(Short text fragments from websites)
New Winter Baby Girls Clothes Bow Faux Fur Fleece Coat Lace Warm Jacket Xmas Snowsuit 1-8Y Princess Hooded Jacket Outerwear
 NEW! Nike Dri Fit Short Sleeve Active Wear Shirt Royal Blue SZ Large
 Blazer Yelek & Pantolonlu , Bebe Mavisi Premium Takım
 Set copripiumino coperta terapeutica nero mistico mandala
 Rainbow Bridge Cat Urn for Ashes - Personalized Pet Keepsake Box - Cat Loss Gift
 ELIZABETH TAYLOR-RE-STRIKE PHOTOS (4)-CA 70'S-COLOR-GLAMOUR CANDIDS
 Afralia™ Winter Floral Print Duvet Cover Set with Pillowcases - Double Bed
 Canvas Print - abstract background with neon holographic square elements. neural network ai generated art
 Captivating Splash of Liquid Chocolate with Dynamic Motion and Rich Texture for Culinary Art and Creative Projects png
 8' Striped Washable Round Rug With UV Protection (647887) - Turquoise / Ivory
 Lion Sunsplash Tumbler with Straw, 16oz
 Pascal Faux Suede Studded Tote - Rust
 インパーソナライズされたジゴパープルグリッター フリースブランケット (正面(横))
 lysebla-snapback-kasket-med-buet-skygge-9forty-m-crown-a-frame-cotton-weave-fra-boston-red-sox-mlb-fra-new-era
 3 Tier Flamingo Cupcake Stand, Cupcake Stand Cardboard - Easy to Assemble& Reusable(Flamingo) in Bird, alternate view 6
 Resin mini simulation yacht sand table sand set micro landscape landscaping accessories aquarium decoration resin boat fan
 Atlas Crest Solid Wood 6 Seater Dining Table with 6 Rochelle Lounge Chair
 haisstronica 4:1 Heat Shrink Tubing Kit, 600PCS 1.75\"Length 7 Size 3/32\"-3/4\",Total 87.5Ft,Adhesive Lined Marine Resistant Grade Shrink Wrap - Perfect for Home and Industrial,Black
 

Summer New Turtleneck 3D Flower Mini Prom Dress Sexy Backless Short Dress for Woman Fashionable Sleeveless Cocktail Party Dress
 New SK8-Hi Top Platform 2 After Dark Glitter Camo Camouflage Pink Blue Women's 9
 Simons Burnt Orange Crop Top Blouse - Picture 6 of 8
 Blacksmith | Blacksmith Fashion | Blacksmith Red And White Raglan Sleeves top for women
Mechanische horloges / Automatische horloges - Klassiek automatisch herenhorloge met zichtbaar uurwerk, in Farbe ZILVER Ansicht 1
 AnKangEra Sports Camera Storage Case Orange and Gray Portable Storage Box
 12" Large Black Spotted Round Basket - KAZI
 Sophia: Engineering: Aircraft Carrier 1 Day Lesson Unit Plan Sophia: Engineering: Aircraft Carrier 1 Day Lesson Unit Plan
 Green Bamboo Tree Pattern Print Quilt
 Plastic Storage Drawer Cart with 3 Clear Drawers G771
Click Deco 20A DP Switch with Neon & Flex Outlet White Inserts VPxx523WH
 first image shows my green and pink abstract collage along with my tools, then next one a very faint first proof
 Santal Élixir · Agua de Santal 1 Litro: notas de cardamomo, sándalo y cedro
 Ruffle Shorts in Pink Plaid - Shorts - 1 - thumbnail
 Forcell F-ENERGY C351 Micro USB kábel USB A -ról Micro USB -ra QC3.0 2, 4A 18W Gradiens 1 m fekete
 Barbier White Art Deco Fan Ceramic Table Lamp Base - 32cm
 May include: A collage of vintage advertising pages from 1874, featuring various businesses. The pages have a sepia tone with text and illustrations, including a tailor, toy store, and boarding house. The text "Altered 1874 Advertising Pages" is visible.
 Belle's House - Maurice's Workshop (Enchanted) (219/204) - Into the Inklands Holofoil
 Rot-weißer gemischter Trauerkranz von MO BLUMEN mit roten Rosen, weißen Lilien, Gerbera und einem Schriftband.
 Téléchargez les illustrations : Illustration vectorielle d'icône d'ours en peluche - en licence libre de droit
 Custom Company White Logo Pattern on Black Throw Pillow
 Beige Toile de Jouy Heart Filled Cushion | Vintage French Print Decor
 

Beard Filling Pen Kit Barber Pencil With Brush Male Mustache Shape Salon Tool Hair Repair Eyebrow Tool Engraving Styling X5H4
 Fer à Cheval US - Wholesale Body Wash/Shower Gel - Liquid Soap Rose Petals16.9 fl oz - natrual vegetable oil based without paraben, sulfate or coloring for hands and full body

:: WHAT THIS TASK INVOLVES ::
Pull every line containing the word "abstract" out of the entries above.

:: RESULT ::
 Canvas Print - abstract background with neon holographic square elements. neural network ai generated art
 first image shows my green and pink abstract collage along with my tools, then next one a very faint first proof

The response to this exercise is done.